→ Required work
How does the data below read from its first line through the line containing "My Fancy Life"? Print those lines exactly.

(Recorded data)
___
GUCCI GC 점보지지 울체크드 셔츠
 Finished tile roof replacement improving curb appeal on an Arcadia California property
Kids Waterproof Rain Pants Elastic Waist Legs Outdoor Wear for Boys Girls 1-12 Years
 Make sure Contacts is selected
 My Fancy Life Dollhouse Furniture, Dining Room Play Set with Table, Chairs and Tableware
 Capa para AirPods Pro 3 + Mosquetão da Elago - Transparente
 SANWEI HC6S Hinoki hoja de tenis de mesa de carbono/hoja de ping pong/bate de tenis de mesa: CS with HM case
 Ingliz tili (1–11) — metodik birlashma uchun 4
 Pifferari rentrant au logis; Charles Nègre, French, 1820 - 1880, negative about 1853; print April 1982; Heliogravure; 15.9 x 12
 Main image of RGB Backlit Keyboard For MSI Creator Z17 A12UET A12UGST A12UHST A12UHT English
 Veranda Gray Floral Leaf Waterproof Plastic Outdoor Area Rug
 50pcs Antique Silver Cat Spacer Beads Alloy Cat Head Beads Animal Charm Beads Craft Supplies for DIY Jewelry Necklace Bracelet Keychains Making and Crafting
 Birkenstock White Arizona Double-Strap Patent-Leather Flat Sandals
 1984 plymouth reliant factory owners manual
___
→ Answer box
GUCCI GC 점보지지 울체크드 셔츠
 Finished tile roof replacement improving curb appeal on an Arcadia California property
Kids Waterproof Rain Pants Elastic Waist Legs Outdoor Wear for Boys Girls 1-12 Years
 Make sure Contacts is selected
 My Fancy Life Dollhouse Furniture, Dining Room Play Set with Table, Chairs and Tableware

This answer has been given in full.